• Active Time 15m
  • Total Time 45m

8 servings, 1 cup each

Homemade caramel corn isn’t hard to make—whip up a batch for your Halloween party or anytime the neighborhood kids are invading your house for the night.

Make Ahead Tip: Store in an airtight container in a cool, dry place for up to 1 week.

ingredients

  • 8 cups popped popcorn (from 1/3 cup raw kernels), preferably air-popped
  • 1/2 cup chopped nuts, such as pecans, walnuts or macadamia nuts (optional)
  • 1 cup packed light brown sugar
  • 1/2 cup corn syrup
  • 1 tablespoon butter
  • 1/2 teaspoon salt
  • 1/4 teaspoon baking soda

directions

Preheat the oven to 300 degrees F.

Spread the popcorn and nuts, if using, on a baking sheet with sides and set aside.

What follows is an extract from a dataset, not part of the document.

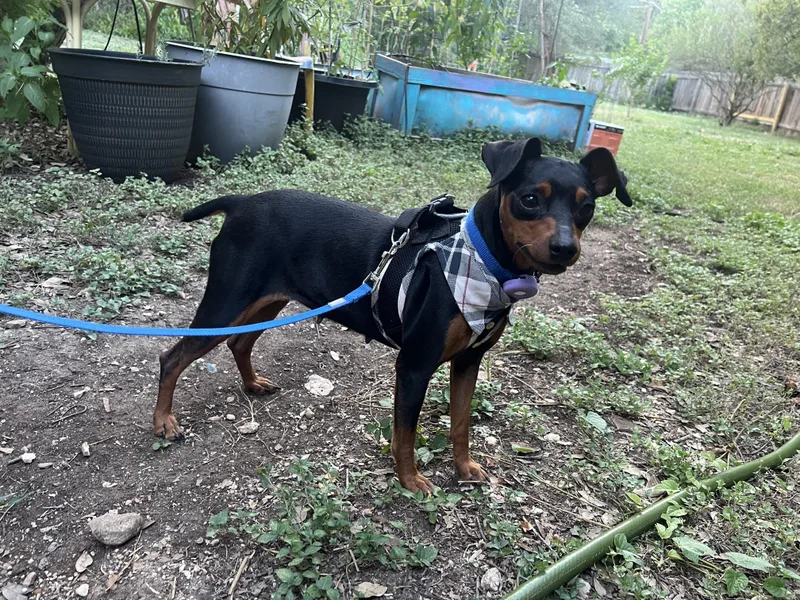 A young small-sized female Black Miniature Pinscher dog named Dolly for adoption in Austin, TX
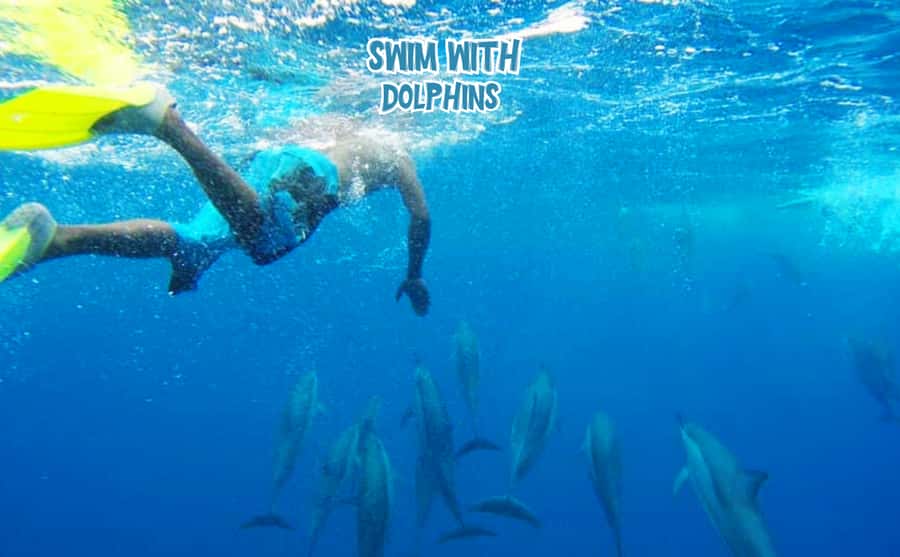 Mauritius: Benitier Island - Swim Dolphins - Speedboat & BBQ - Swimming with wild dolphins: the part that makes or breaks the memory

Combine the sugar, corn syrup, butter and salt in a heavy medium saucepan; bring to a boil over medium-low heat, stirring occasionally to dissolve the sugar. Clip a candy thermometer to the pan and cook until the mixture reaches 250 degrees F and is at hard-ball stage (when a bit of syrup dropped into ice water forms a hard ball), 2 to 3 minutes. Remove the pan from the heat and immediately stir in the baking soda. Pour the mixture over the reserved popcorn and nuts, stirring until most of the kernels are coated.

Bake the popcorn for 15 minutes. Stir, coating any kernels that were not coated at the beginning. Continue baking until amber, 5 to 10 minutes longer. (Longer baking produces a deeper caramel color and flavor.) Let cool until the caramel has almost hardened, about 2 minutes. Gently break up large clumps and let cool completely.

Recipe reprinted by permission of Publisher. All rights reserved.

RecID 7744

nutrition information per serving

191 calories; 2g total fat; 1g total saturated fat; 4mg cholesterol; 198mg sodium; 46g carbohydrates; 1g fiber; 1g protein

These nutrition facts are calculated according to the ingredients listed in this recipe. Any substitutions will change these facts. Although we strive for accuracy, please note that food manufacturers occasionally change their food formulas, which could affect the calculations as shown.